Морское министерство в отношении Думы заняло иную позицию; оно утверждало, что во флоте все обстоит благополучно, не находило нужным вводить в нем какие-либо реформы и лишь требовало средства на постройку нового флота взамен погибшего под Цусимой. Морской министр Диков относился к Думе вполне отрицательно и почти никогда не бывал в ней. Вследствие этого, отношение Думы к флоту стало вполне враждебным. Она находила, что нам нужен флот, но флот боеспособный, а не бутафорский, притом благоустроенный и дисциплинированный, без массы ненужных учреждений и чинов, без тех громадных хищений, которые в то время практиковались во флоте. Поддерживать же, а тем более развивать флот прежнего характера, она признавала ненужным и вредным, а потому в течение ряда лет Дума систематически урезывала кредиты на флот.
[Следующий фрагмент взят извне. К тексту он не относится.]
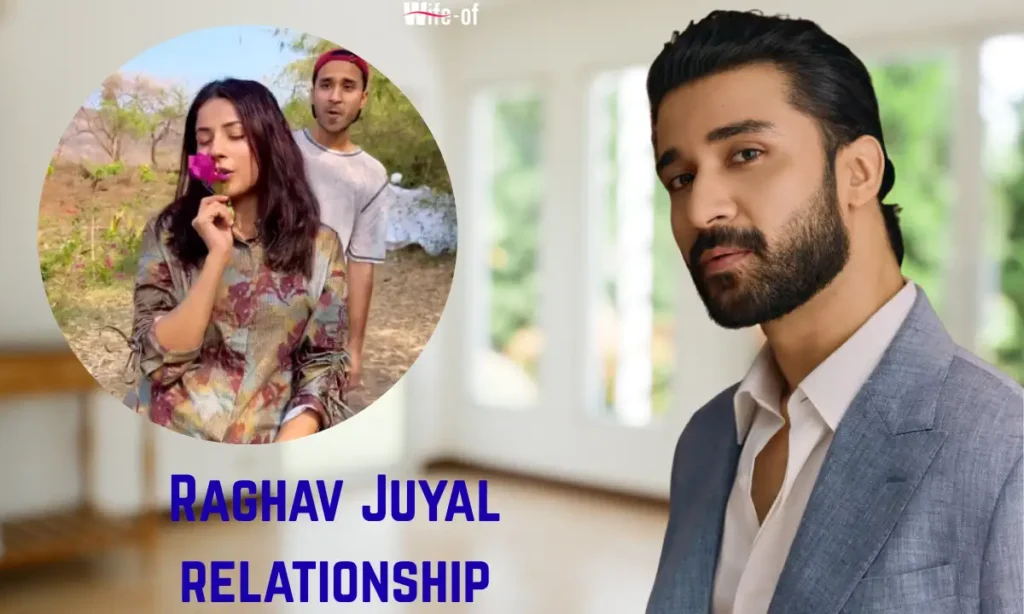 Raghav Juyal love life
Мне пришлось ознакомиться с флотом лишь позднее, в конце 1910 года, и я пришел к убеждению, что Дума была права.
Я считал и считаю, что в отношении Думы стал в правильное положение, а Диков (и его преемник Воеводский) были неправы. Различие наших отношений к Думе лучше всего свидетельствует об отсутствии солидарности среди членов Совета министров; ни Диков, ни я, не получили в этом отношении каких-либо указаний ни от Совета, ни от государя, а действовали по личному усмотрению. Скажу здесь же, что образ действий Дикова был государю более симпатичен, чем мой, и что мои хорошие отношения с Думой вскоре навлекли на меня подозрения, будто я ищу ее поддержки и уже не являюсь вполне надежным и преданным слугой государя!
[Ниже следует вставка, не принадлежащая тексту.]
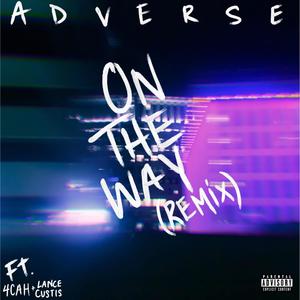 On the Way(feat. 4cah & Lance Custis) (Remix|Explicit)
В течение лета 1907 года комиссия, образованная при Совете государственной обороны, рассматривала проект положения о генерал-инспекторах. Уже прошло более двух лет со времени учреждения этих должностей, причем было установлено, что они подчиняются непосредственно государю, и за это время между ними и мною не произошло ни одного недоразумения, за исключением разве того, что Зарубаев упорно меня игнорировал. Все же решено было, наконец, определить точно функции и права генерал-инспекторов и с этой целью рассмотреть проект положения, составленный по поручению великого князя Сергея Михайловича. По этому проекту все генерал-инспекторы при осмотре ими войск сами отдавали приказания для устранения значительных неустройств и затем доносили государю обо всем, ими виденном. Проект этот отвечал общим предуказаниям государя; комиссия для его рассмотрения была назначена под председательством Газенкампфа. Эверту, который был членом комиссии, я лишь дал указание: настаивать на внесении положения о том, что генерал-инспекторы обязаны сообщать военному министру, куда они едут для инспекции.